• [Task prompt] Below are the records. List every line holding the word "Formal".

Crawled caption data
..............................
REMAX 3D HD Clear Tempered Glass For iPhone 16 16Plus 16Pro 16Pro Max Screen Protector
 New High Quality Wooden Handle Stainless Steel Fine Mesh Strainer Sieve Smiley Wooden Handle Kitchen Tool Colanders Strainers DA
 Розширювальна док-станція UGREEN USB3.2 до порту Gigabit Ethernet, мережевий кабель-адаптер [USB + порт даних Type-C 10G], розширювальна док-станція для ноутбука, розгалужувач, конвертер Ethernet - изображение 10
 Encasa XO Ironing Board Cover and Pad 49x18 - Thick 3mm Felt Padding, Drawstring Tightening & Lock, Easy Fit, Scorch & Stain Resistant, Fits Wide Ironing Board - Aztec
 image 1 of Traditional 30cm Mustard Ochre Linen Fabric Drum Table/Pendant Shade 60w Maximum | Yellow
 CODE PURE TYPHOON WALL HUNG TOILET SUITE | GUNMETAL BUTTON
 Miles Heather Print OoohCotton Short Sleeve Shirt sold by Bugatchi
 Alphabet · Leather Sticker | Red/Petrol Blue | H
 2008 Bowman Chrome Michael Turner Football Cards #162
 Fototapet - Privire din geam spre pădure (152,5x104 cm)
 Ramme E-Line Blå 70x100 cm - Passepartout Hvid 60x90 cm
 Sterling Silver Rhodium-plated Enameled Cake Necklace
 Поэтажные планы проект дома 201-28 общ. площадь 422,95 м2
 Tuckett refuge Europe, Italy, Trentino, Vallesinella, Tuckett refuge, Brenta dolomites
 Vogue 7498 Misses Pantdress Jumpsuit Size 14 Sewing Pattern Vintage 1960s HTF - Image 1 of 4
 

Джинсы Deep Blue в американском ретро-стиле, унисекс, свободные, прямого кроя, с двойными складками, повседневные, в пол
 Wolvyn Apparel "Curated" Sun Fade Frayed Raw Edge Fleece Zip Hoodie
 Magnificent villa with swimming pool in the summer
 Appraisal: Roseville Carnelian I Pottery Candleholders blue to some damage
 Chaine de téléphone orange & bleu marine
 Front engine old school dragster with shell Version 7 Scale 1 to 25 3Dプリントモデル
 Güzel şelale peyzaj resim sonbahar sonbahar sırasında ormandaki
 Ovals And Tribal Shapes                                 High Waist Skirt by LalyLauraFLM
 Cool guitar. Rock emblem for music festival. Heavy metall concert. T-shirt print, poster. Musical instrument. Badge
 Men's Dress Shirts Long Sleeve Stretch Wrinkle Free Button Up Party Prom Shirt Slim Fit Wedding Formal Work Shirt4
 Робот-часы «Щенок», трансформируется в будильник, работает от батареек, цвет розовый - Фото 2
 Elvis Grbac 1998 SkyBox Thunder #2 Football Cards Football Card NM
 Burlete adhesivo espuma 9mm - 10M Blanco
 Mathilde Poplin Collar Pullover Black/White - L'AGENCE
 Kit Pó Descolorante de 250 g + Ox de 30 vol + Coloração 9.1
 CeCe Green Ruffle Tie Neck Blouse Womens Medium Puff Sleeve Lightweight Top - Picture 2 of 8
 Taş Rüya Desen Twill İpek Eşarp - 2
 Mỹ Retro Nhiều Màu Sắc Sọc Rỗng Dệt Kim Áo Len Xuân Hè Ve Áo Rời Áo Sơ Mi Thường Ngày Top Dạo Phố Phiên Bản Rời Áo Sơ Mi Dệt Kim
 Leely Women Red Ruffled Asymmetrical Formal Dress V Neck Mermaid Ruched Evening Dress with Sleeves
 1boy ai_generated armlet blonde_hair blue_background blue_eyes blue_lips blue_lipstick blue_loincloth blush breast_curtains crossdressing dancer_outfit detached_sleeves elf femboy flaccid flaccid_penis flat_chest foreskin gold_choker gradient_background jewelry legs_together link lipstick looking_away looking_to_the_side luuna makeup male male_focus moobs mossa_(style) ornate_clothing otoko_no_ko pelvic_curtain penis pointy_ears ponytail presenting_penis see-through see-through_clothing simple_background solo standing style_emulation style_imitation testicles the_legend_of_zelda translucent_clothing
..............................
• [Solution to this task]
 Men's Dress Shirts Long Sleeve Stretch Wrinkle Free Button Up Party Prom Shirt Slim Fit Wedding Formal Work Shirt4
 Leely Women Red Ruffled Asymmetrical Formal Dress V Neck Mermaid Ruched Evening Dress with Sleeves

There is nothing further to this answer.